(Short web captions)
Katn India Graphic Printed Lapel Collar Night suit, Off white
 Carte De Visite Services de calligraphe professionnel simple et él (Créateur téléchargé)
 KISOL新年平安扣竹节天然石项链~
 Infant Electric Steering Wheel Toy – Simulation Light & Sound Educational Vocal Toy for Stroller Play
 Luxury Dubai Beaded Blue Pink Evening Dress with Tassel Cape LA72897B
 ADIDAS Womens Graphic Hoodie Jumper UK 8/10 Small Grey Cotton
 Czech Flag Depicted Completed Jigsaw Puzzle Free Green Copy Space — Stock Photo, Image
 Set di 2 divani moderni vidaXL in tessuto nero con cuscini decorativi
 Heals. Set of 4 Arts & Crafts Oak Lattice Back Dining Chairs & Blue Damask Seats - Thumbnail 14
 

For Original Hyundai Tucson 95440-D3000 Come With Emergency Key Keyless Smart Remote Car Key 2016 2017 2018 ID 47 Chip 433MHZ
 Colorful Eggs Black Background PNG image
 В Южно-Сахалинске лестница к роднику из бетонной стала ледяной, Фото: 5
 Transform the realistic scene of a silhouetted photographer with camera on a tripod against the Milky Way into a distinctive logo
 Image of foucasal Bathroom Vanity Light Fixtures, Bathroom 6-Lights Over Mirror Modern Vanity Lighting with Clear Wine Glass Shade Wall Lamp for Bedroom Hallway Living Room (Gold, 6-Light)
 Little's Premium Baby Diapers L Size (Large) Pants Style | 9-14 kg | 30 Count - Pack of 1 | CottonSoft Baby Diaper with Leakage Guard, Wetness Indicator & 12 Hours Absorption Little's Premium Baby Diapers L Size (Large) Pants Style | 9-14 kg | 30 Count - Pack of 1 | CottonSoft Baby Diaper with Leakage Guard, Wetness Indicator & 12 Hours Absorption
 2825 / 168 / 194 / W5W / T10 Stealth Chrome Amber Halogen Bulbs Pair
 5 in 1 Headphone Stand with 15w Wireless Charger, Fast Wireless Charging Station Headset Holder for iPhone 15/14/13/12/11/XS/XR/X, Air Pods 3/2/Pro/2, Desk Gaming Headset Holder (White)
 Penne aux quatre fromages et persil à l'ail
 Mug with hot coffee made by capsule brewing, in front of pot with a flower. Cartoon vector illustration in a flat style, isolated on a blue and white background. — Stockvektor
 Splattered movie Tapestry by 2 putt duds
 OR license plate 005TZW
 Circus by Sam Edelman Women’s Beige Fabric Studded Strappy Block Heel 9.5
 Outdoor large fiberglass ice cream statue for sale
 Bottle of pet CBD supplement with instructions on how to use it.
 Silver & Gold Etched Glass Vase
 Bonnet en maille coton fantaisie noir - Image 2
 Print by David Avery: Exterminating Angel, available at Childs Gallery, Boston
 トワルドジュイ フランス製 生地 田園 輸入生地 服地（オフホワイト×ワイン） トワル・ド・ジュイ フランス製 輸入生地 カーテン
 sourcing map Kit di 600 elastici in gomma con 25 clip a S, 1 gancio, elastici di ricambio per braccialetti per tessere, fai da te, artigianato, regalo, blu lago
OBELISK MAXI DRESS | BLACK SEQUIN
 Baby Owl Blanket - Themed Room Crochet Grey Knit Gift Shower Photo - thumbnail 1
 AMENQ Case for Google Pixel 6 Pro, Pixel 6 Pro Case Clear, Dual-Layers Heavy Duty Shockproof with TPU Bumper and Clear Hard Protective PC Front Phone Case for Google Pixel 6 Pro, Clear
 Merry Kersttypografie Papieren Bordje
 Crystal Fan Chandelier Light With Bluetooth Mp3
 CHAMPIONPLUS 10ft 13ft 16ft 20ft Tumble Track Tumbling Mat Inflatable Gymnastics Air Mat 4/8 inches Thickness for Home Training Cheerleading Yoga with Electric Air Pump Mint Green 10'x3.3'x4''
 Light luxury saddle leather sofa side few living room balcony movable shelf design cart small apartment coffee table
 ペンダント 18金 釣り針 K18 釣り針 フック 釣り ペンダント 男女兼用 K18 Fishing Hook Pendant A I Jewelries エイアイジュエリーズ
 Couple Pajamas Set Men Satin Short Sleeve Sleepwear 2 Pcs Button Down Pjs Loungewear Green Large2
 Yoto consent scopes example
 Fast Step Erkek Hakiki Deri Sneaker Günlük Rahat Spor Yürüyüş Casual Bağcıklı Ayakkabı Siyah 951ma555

Activity — Start with the line above that contains "Splattered movie Tapestry by 2 putt duds" and stop after the line that contains "CHAMPIONPLUS 10ft 13ft". Output those lines exactly, and only those.

Answer space —
 Splattered movie Tapestry by 2 putt duds
 OR license plate 005TZW
 Circus by Sam Edelman Women’s Beige Fabric Studded Strappy Block Heel 9.5
 Outdoor large fiberglass ice cream statue for sale
 Bottle of pet CBD supplement with instructions on how to use it.
 Silver & Gold Etched Glass Vase
 Bonnet en maille coton fantaisie noir - Image 2
 Print by David Avery: Exterminating Angel, available at Childs Gallery, Boston
 トワルドジュイ フランス製 生地 田園 輸入生地 服地（オフホワイト×ワイン） トワル・ド・ジュイ フランス製 輸入生地 カーテン
 sourcing map Kit di 600 elastici in gomma con 25 clip a S, 1 gancio, elastici di ricambio per braccialetti per tessere, fai da te, artigianato, regalo, blu lago
OBELISK MAXI DRESS | BLACK SEQUIN
 Baby Owl Blanket - Themed Room Crochet Grey Knit Gift Shower Photo - thumbnail 1
 AMENQ Case for Google Pixel 6 Pro, Pixel 6 Pro Case Clear, Dual-Layers Heavy Duty Shockproof with TPU Bumper and Clear Hard Protective PC Front Phone Case for Google Pixel 6 Pro, Clear
 Merry Kersttypografie Papieren Bordje
 Crystal Fan Chandelier Light With Bluetooth Mp3
 CHAMPIONPLUS 10ft 13ft 16ft 20ft Tumble Track Tumbling Mat Inflatable Gymnastics Air Mat 4/8 inches Thickness for Home Training Cheerleading Yoga with Electric Air Pump Mint Green 10'x3.3'x4''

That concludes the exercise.